WORK TASK
Reproduce the material below only from the line with "CASE IH DX23 Tractor Service Repair Manual" to the line with "Trespass Girls Padded Waterproof Jacket Shasta 13", both included, keeping each line exact and dropping the pictures.

MATERIAL FOR THE TASK

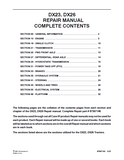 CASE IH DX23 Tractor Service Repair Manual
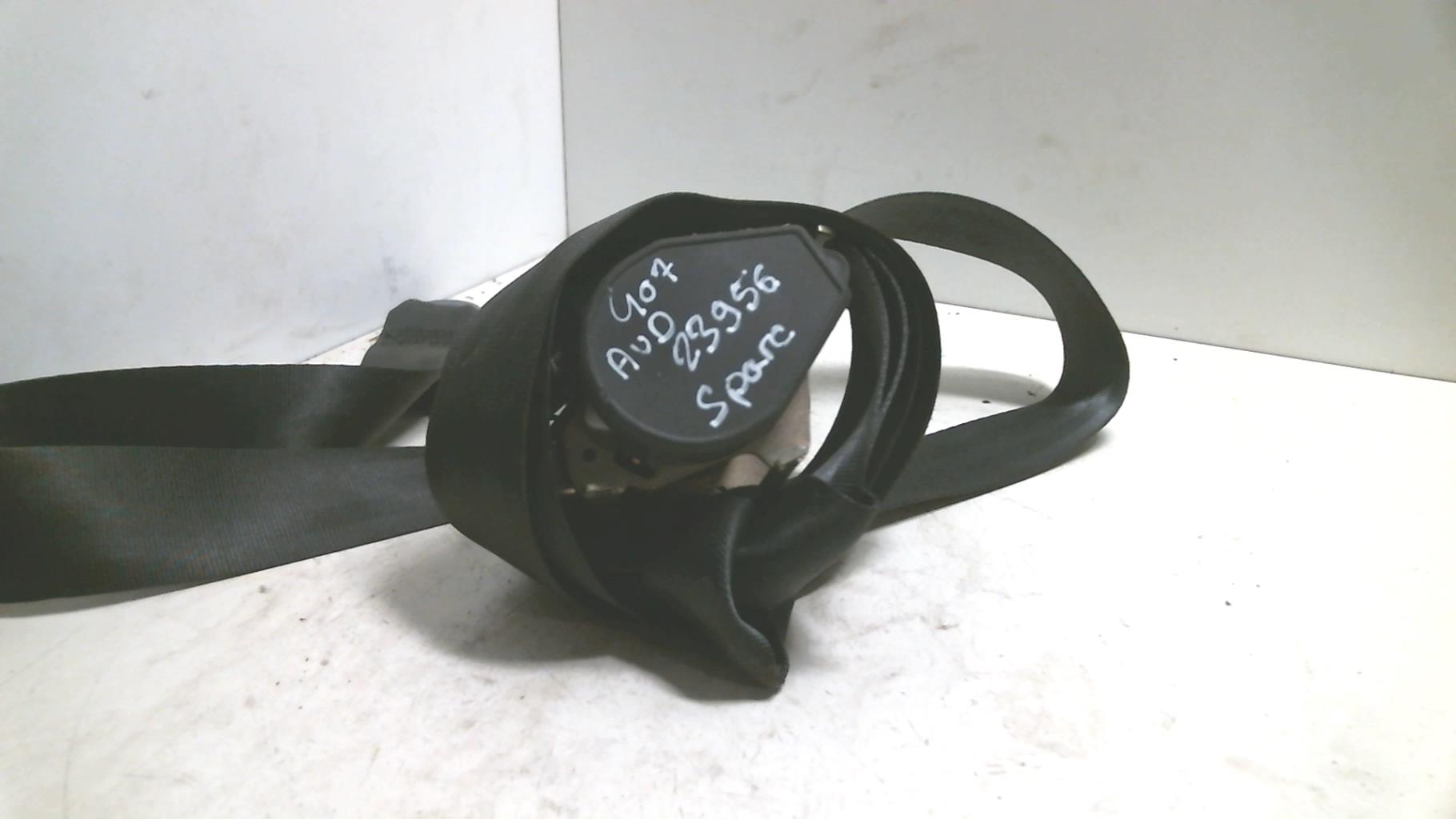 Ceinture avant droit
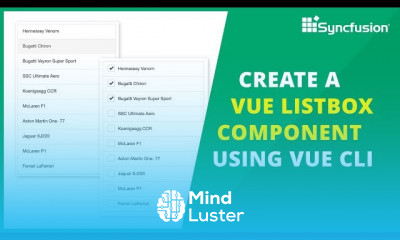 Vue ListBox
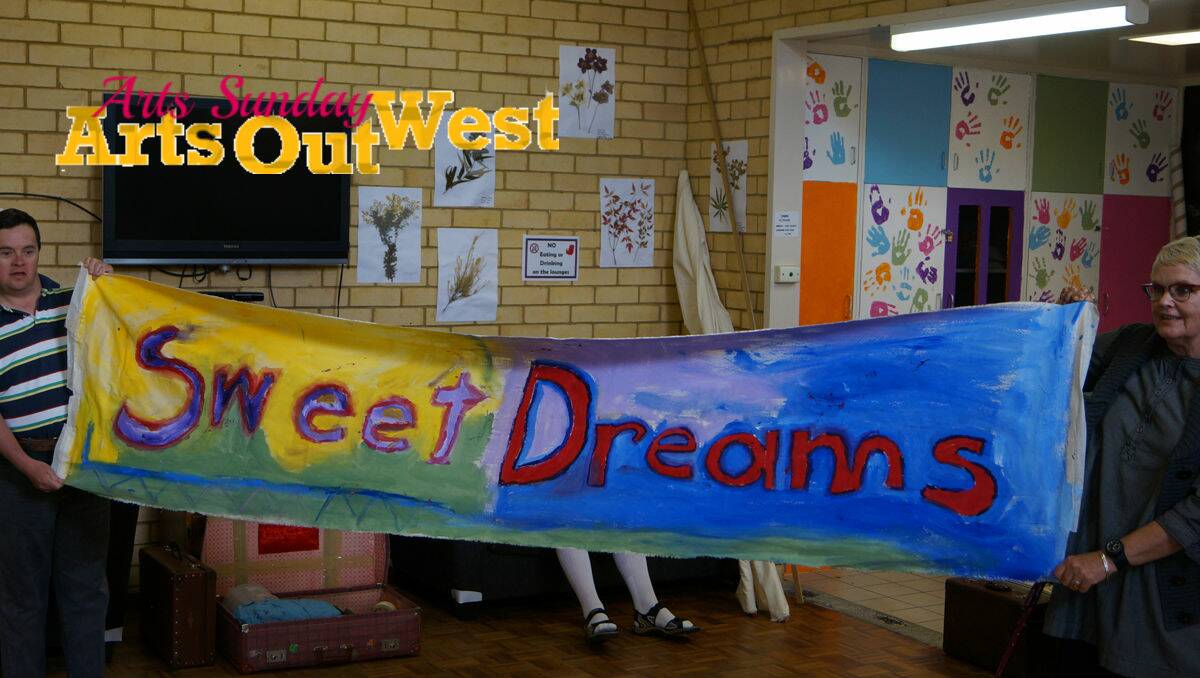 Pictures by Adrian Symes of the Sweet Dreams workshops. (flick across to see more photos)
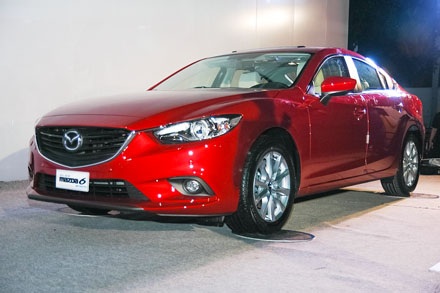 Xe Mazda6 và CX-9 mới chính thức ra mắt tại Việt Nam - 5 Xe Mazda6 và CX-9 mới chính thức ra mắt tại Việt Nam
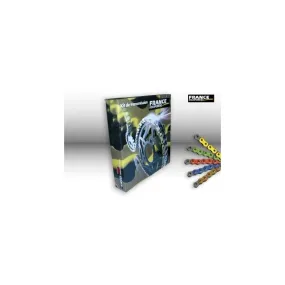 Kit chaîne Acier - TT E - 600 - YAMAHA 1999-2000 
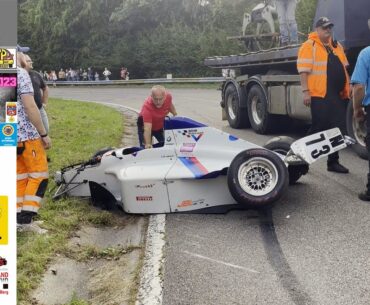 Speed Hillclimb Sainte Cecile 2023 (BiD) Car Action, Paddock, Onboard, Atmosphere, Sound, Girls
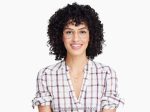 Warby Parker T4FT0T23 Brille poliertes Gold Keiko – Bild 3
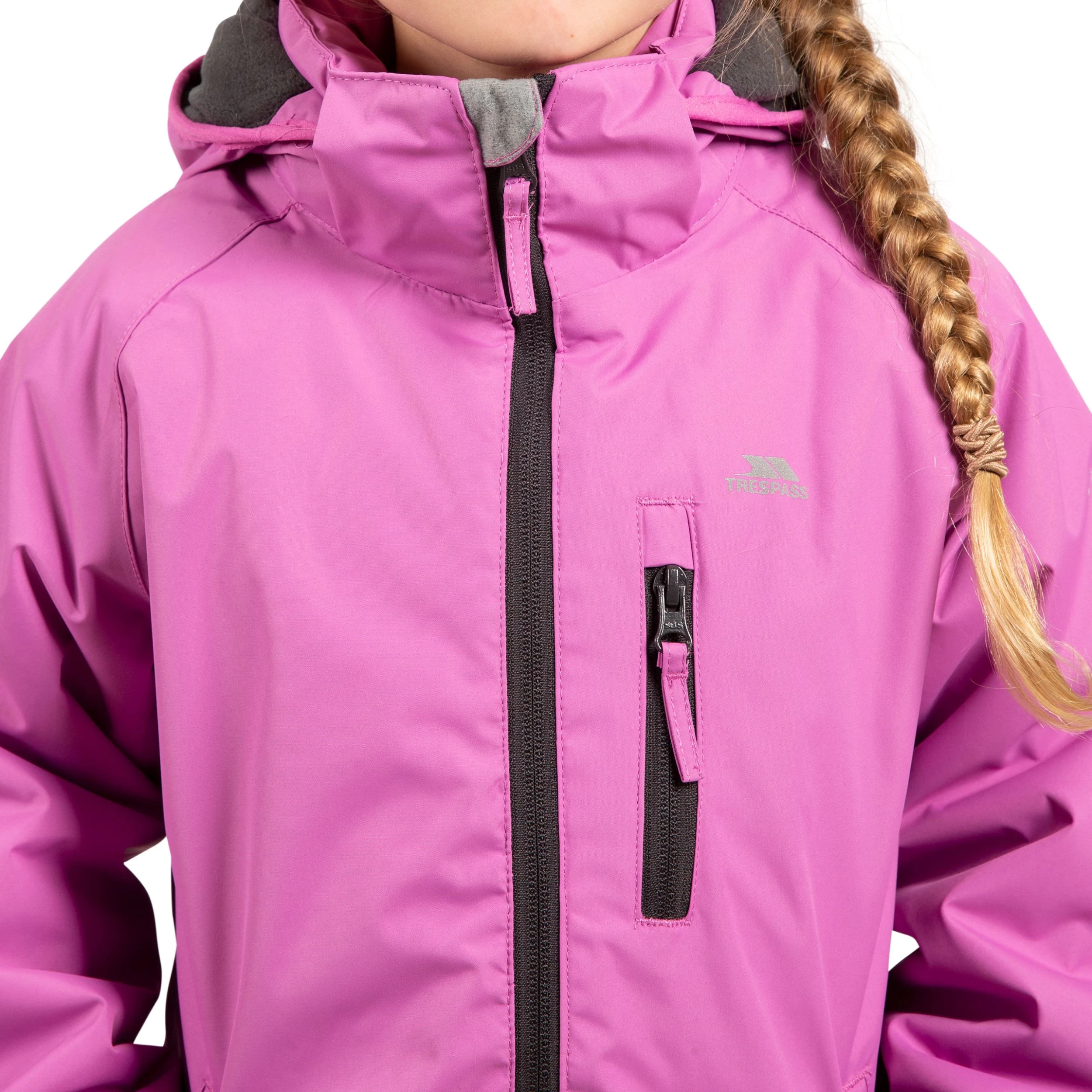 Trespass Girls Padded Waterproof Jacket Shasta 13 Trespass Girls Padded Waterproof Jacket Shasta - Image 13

==

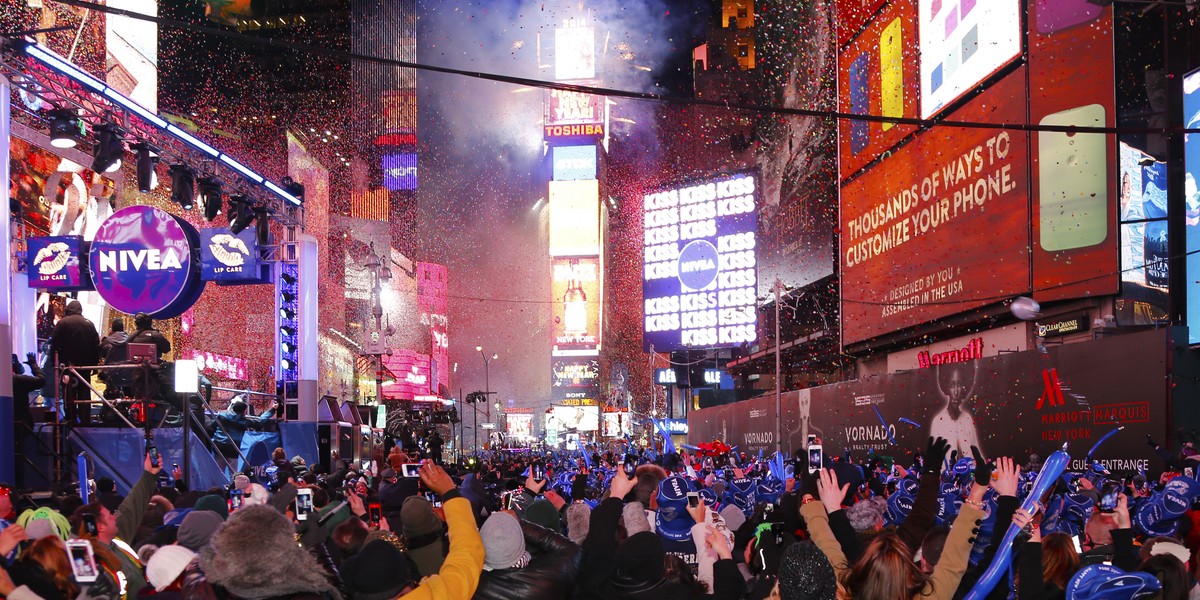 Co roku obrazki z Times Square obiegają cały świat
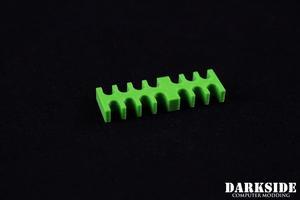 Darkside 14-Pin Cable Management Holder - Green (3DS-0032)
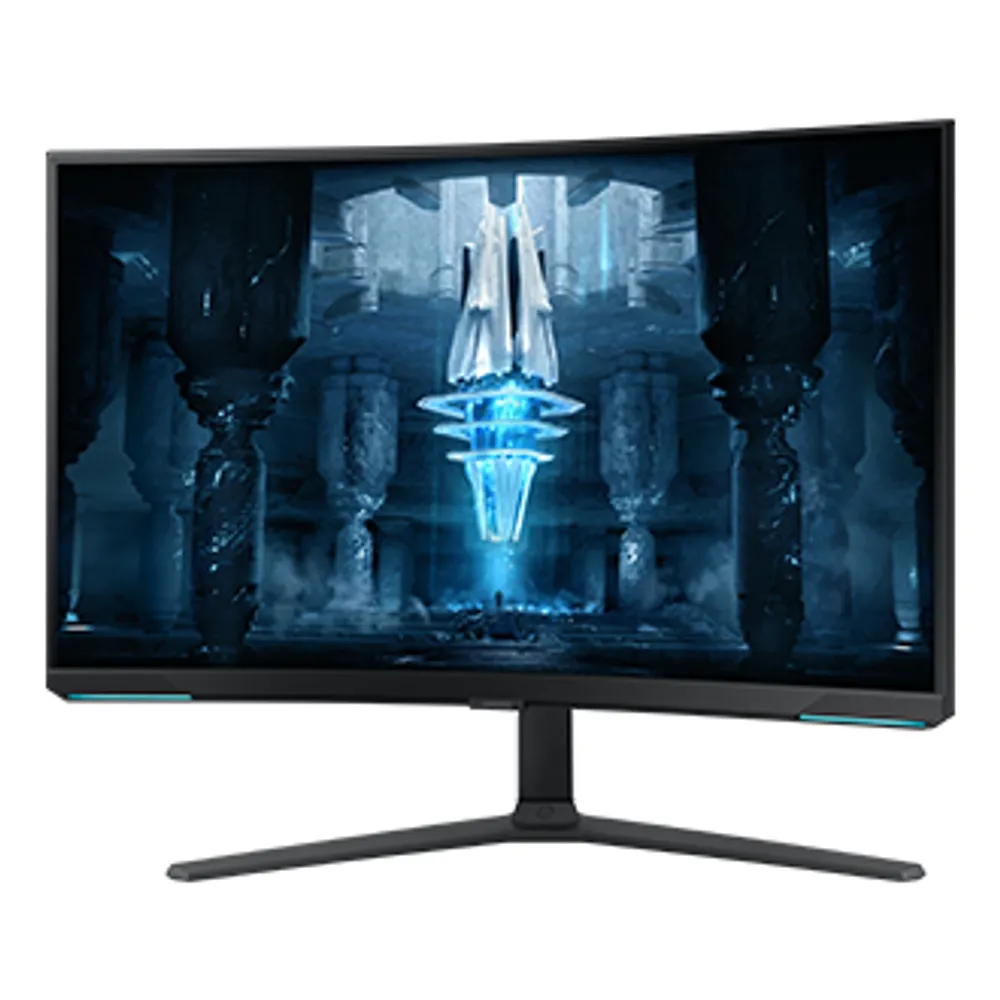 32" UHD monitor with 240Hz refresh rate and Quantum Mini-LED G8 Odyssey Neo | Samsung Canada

SOLUTION
 CASE IH DX23 Tractor Service Repair Manual
 Ceinture avant droit
 Vue ListBox
 Pictures by Adrian Symes of the Sweet Dreams workshops. (flick across to see more photos)
 Xe Mazda6 và CX-9 mới chính thức ra mắt tại Việt Nam - 5 Xe Mazda6 và CX-9 mới chính thức ra mắt tại Việt Nam
 Kit chaîne Acier - TT E - 600 - YAMAHA 1999-2000 
 Speed Hillclimb Sainte Cecile 2023 (BiD) Car Action, Paddock, Onboard, Atmosphere, Sound, Girls
 Warby Parker T4FT0T23 Brille poliertes Gold Keiko – Bild 3
 Trespass Girls Padded Waterproof Jacket Shasta 13 Trespass Girls Padded Waterproof Jacket Shasta - Image 13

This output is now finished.